== Extracted data

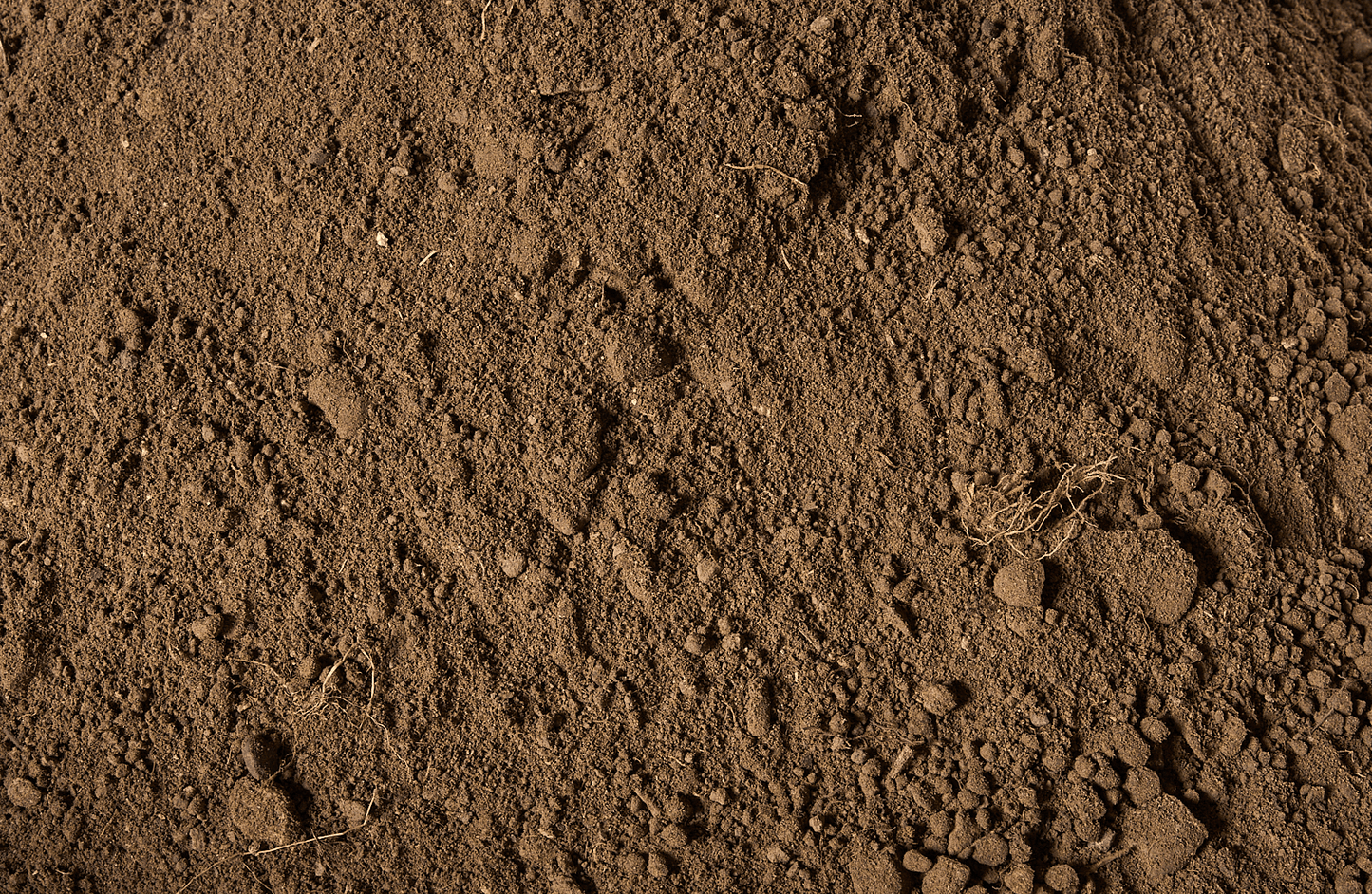 TopSoil-detail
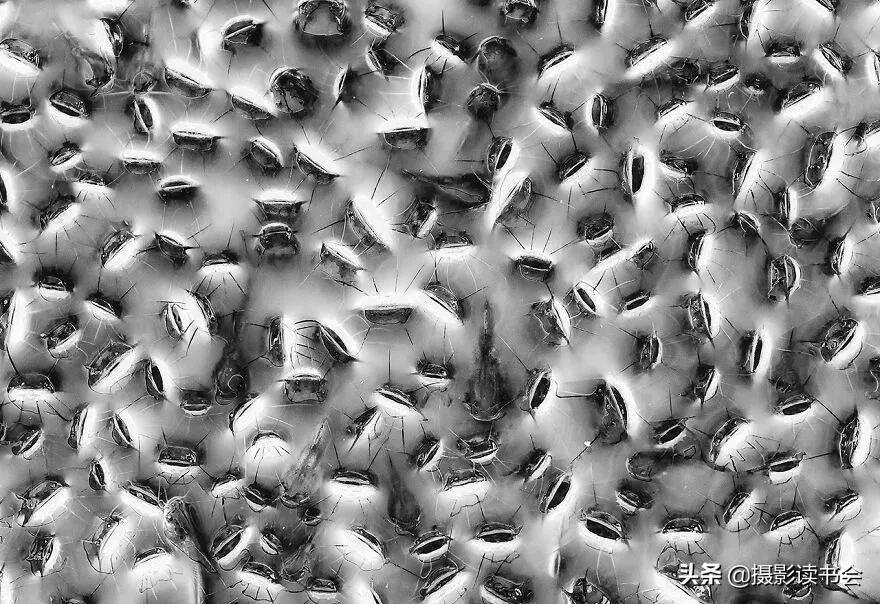 2018年度最佳摄影照片,创造出令人惊叹的自然摄影照片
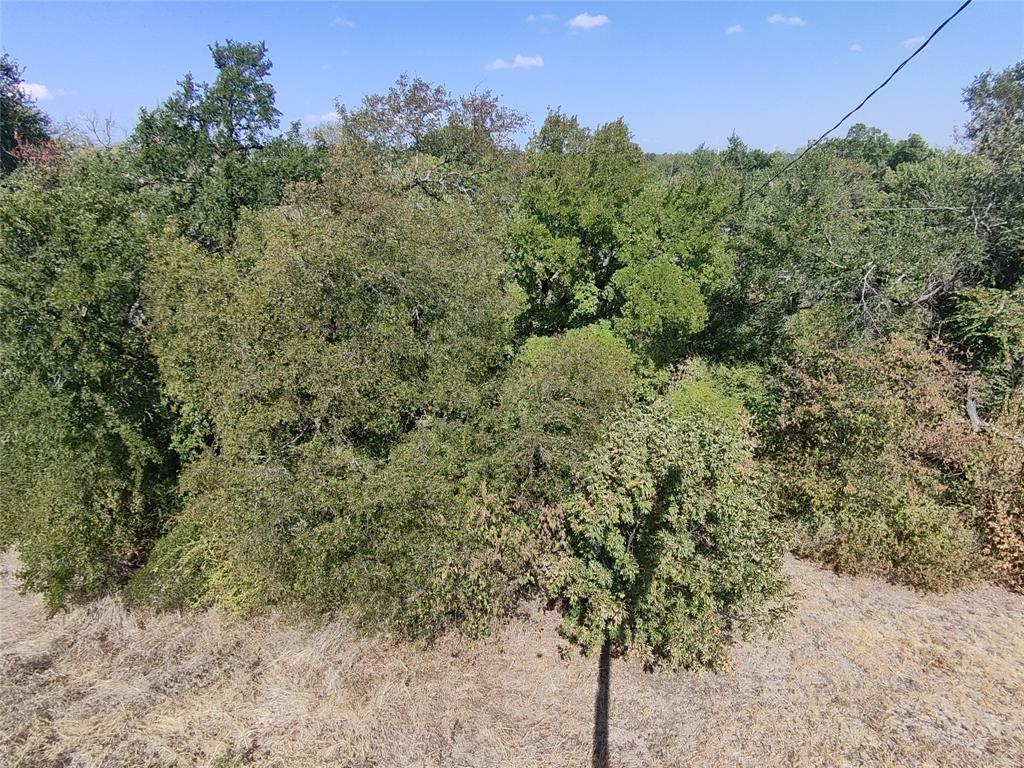 2117 Kingsdale Drive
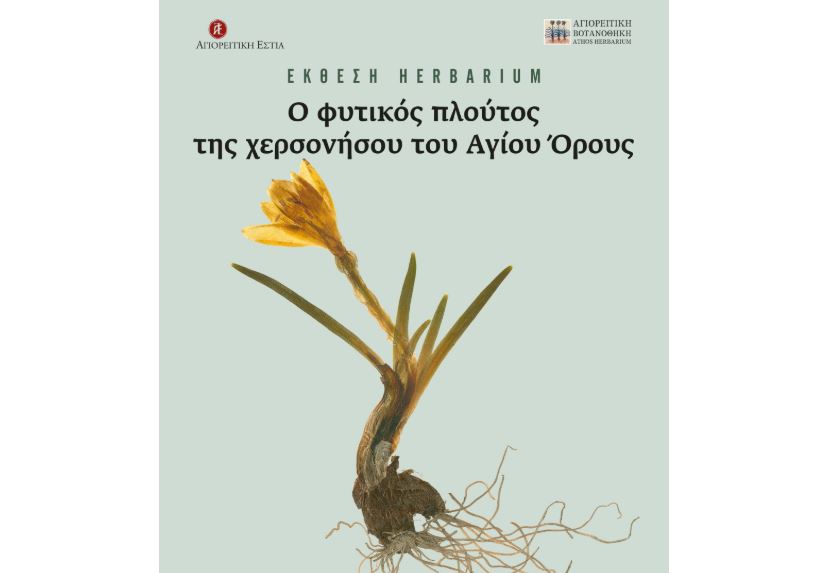 Έκθεση herbarium: «Ο Φυτικός Πλούτος του Αγίου Όρους»
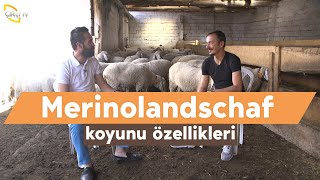 Merinolandschaf Koyunlarının Özellikleri - Çobanın Sesi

====

### [Task brief]
If a picture falls within the lines from the one containing "2117 Kingsdale Drive" through the end of the material, leave it out while repeating those lines exactly.

### [Result below]
 2117 Kingsdale Drive
 Έκθεση herbarium: «Ο Φυτικός Πλούτος του Αγίου Όρους»
 Merinolandschaf Koyunlarının Özellikleri - Çobanın Sesi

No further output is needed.